“Over the next 2 1/2 years, the city is budgeted to spend nearly $22 million to tear down 1,500 abandoned houses — a move urban planners say could transform Baltimore visually and clear a path for struggling neighborhoods to attract future development. Previously, the city had been spending about $2.5 million a year on demolition.
The houses in communities like Johnston Square will be replaced with gardens, urban farms and green space, with the intention that someday new homes and businesses will take their place.
Ralph Moore, 61, a longtime community activist in the East Baltimore neighborhood, recently walked past a shell that once housed a family with children who poured out the front door and into the nearby St. Frances Academy. The empty house is standing amid a half-demolished strip of the city’s trademark rowhouses.
Moore and others are glad, for now, to see the vacant houses come down. But they also say they’re expecting to hear in time about plans for redevelopment.
“I think you can’t talk about demolition without answering the question, ‘What’s going to come in its place and who’s going to benefit?’ ” Moore said. “We just don’t want a lot of tracts of vacant land like Detroit.”
Mayor Stephanie Rawlings-Blake says she understands the concern. “When change comes and when there isn’t an immediate market demand, it leaves a lot of unease because the future isn’t certain,” she said. But the goal, she stressed, is “renewal and strengthening our neighborhoods. … We’re not putting the properties on the back burner.”

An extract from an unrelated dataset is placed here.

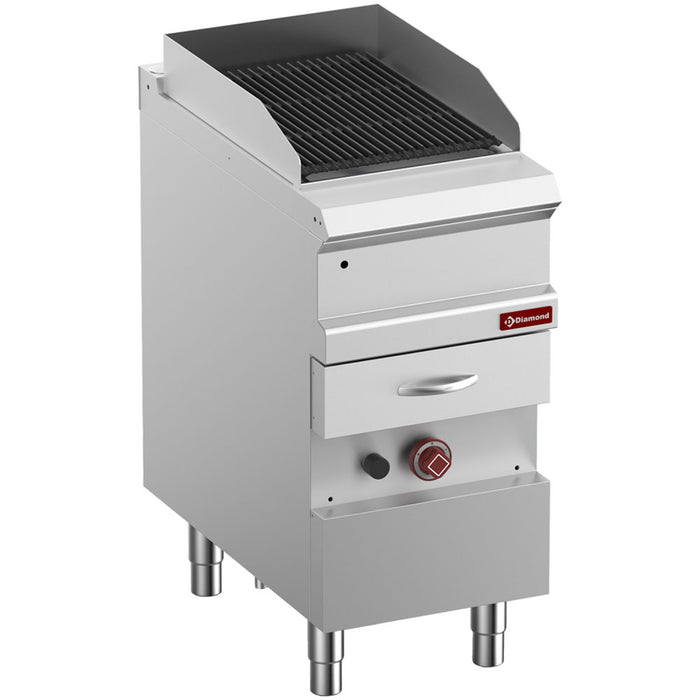 Grill Vapeur gaz, grille en fonte "double face", module 1/2,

The demolition schedule is part of the mayor’s Vacants to Value program, which she calls a data- and market-driven approach to ridding Baltimore of a sizable portion of its 16,000 vacant, blighted houses over the next 10 years. The goal is to systematically assess vacant houses, restore those that are viable, and demolish whole swaths of those that are not, in the process creating sites for eventual redevelopment.”